D’Annibelle said in court that he had the fire truck’s sirens and lights on when he entered the intersection, something James City County Police officer M.L. Marchand confirmed. D’Annibale also said he had looked both left and right as he approached the intersection and did not see anyone there before entering it.
“I did not see a truck,” D’Annibale said.
Marchand said he was in the left-hand turn lane on Richmond Road and was turning to continue on Richmond Road when the fire truck came from behind him and entered the intersection. Marchand said he heard the siren first and then saw the lights before the crash.
D’Annibale, who has been with the James City County Fire Department for just over three years as a firefighter and EMT intermediate, said he had already been disciplined for the incident, as he was placed on paid administrative leave, had his pay reduced five percent and his position downgraded.
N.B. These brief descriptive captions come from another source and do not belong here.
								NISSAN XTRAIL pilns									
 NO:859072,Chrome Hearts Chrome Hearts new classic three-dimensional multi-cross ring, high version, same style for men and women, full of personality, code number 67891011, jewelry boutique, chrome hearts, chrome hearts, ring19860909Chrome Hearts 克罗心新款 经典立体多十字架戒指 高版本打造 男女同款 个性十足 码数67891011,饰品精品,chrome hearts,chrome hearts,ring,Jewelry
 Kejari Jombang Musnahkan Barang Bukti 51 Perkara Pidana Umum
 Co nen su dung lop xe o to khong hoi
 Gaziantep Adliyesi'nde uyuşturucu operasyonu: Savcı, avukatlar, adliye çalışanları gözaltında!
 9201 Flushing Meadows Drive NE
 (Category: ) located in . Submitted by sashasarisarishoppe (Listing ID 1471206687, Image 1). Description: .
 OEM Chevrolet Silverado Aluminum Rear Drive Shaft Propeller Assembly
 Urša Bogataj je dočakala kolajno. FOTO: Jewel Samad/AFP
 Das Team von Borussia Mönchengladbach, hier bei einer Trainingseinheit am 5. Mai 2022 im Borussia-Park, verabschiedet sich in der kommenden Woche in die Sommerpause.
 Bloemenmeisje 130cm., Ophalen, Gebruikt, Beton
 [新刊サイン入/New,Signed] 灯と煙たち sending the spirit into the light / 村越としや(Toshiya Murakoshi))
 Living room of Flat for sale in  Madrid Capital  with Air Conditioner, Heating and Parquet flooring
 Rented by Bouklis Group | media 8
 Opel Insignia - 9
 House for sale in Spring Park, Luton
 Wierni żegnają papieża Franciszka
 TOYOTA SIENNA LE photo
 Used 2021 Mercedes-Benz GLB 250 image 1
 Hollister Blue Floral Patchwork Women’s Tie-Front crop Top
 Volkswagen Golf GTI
Tommy Norment, who represented D’Annibale in court, said that under the reckless driving statute, emergency vehicles have a lot of latitude when it comes to right of way. Norment said that if the driver had his siren and lights on and was trying to be sensitive to the life and welfare of others, the person is absolved of criminal, but not civil, liability.
Judge Carson Saunders Jr., in dismissing the charge against D’Annibale, said it was a difficult situation for the court to deal with.
“I think he was doing what he was supposed to do,” Saunders said. “I give a lot of latitude to first responders, especially when they’re responding to an emergency.”